Het verdict viel op 9 december 2017 toen de voltallige jury, na lange uren van beraadslaging, tot een besluit moest komen. Uiteindelijk kreeg de Nederlandse Bianca Boer (1976) de hoogste score met het gedicht:
Laatst, in de ochtend
Toen wij de enigen waren die op de fiets diagonaal over het plein sjeesden,
zat hij achterop bij mij. Je deed je armen wijd, je was een vliegtuig
en we scheerden rakelings langs fluisterzachte vuilniswagens.
Toen wij die ochtend aan de overkant van het plein kwamen, zagen we
dat er zakken vol blauw aan de straat stonden. Daarin de restjes dag
die van de ramen gelekt waren. Geen enkel etmaal past precies.
Ergens wisten wij natuurlijk dat het niet voor ons bestemd kon zijn
maar jij wilde zo graag even stoppen. “Toe nou mama…” zei je,
en ik deed het en niemand keek en het stond daar maar te staan
in zakken, blauw aan de rand van het plein, al die snippers dag.
Dit is de stad, de slapende stad, de gapende stad, de ontwakende stad.
Mag je meenemen wat niet van jou is? Ik vulde mijn fietstassen
omdat ik moeder ben. Die flarden komen nog goed van pas als je
vleugels laat groeien en je ergens in zal storten. Wees er zuinig op.
We hebben nu tijd genoeg om van elkaar te houden.
Wij zijn niet meer alleen op het plein als de zon opkomt en alles verbleekt.
Daar zijn ook de vuilnismannen, op hun hielen gezet door de wagen
waarin, “Zie je dat mama?”, één voor één de zakken verdwijnen.
© Bianca Boer
Bianca Boer debuteerde in 2007 met de verhalenbundel Troost en de geur van koffie. In 2010 publiceerde ze de dichtbundel Vliegen en andere vogels en eind 2017 verscheen Auch das ist Geschichte, Ein poetischer Dialog in Briefen, waarin ze met de twee Duitse dichters Ellen Widmaier en Katharina Bauer van gedachten wisselt over kunst, schrijven en literatuur.
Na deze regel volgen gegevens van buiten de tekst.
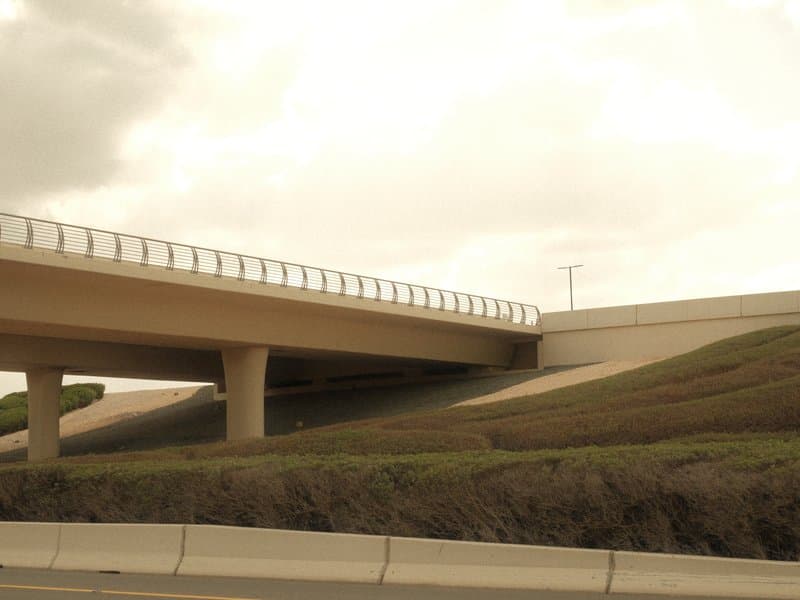 A low-angle view of an overpass with a cloudy sky in the background and green grass in the foreground.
In 2018 wordt van Bianca Boer de roman Draaidagen verwacht.
De tweede prijs ging naar Paul Vincent met :
noordnoordoost
in de verte van jouw landschap
loopt zonder twijfel
nog een rendier rond
met mijn ballon
tussen de takken
van het gewei
ik heb een zusje van zes
ze doet zo vervelend
onze ouders zijn al weken zoek
niemand minder dan jij
die het kaartje vinden mag
met mijn speelpleinadres
als ik win van de kinderen hier
krijg je de bijna mooiste knikker
in mijn linkerhand bewaard
zus heeft de mega blinker
in haar brooddoos verstopt
ze ziet zo wit
als het gras van lapland
de ballon mag je houden
het gas is om te lachen
© Paul Vincent
Astrid Arns (1960) bekoorde als derde laureaat de jury met :
Doorzichtig
Wij liepen het dorp in, mijn dochter en ik
Haar jurk zo dun dat het licht er door heen scheen.
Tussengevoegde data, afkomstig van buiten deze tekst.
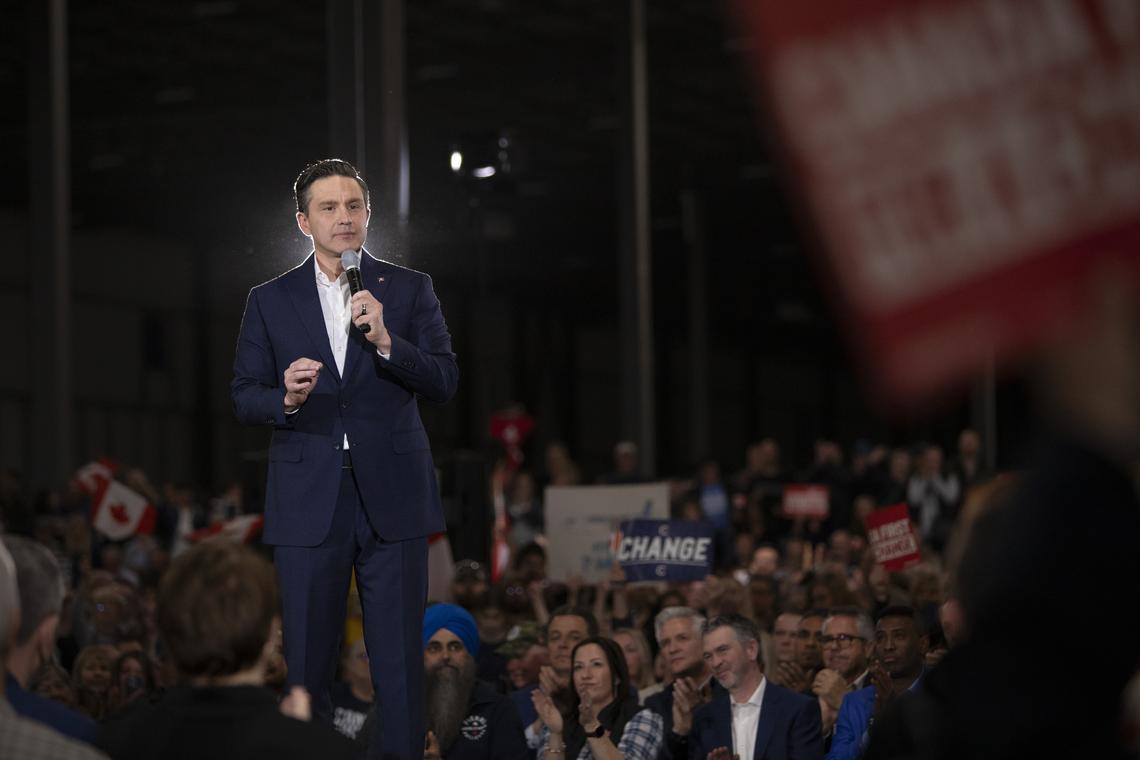FILE -- Pierre Poilievre, the Conservative leader, speaks during a rally in Nisku, Alberta, April 7, 2026. Prime Minister Mark Carney of Canada, who heads a minority government, is expected to gain a majority in the House of Commons after three special elections on Monday. A Liberal majority would be another blow to Poilievre. (Amber Bracken/The New York Times)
Ze nam een woord in haar mond.
Keek naar iemand die achter mij stond alsof ik doorzichtig was.
Om ons heen rook de lucht naar zwavel en bomen.
Nog even, dacht ik, en dan word ik uitgewist.
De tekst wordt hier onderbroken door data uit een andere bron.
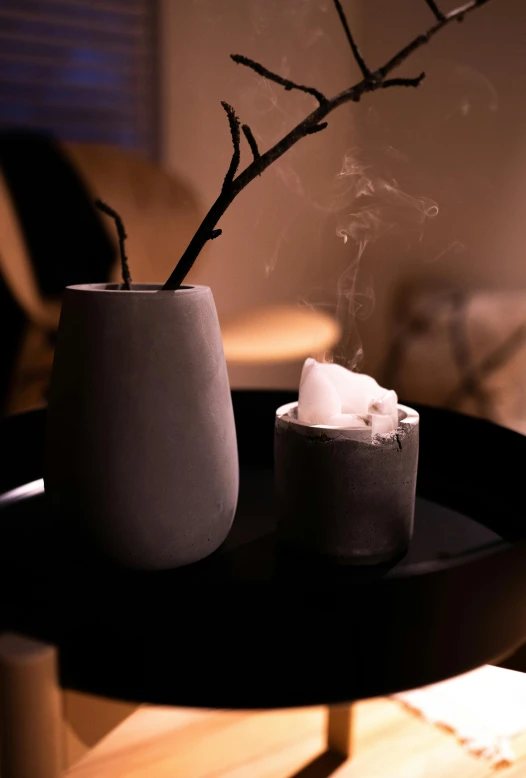 a black tray sitting on top of a wooden table, inspired by Einar Hakonarson, unsplash, dry ice, cozy candlelight, marshmallow, sitting in a lounge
Ik keek naar haar rug toen zij wegging, het zwart in zich sloot.
De lucht scheurde toen ik haar riep.
Zij hoorde een uil in de verte.
© Astrid Arns
Naast de drie hoofdprijzen gingen er nog bloemen en eervolle vermeldingen naar :
Anna de Bruyckere - Als je een ander
Cora de Vos - Kweekzalm
Steven Grauwmans - Het kind
Veerle Neyens - Nacht
Vera Steenput - Fatwa voor een fietsendief
Hein van der Schoot - Hoe te leven
Geert Viaene - GHURRRUUSSSHH GHURRRUUSSSHH GHURRRUUSSSHH
Naar goeie traditie publiceert de stad Oostende een kleurrijke bundel met alle geselecteerde gedichten. Deze keer is de publicatie verrijkt met een fotoreportage van Arne Deboosere. De beelden die de fotograaf bij de gedichten selecteerde, bewijzen zijn voorkeur voor rauw- en grauwheid en grijstinten die volgens hem de gedichten het meest recht doen. De publicatie kost 5 euro en kan bekomen worden na een telefoontje naar de Dienst Cultuur van de Stad Oostende (059 25 88 20).
Veel leesgenot !
© Frank Decerf
Noot: Eerder verschenen op de Schaal van Digther gedichten van Astrid Arns, Geert Viaene en Steven Graauwmans.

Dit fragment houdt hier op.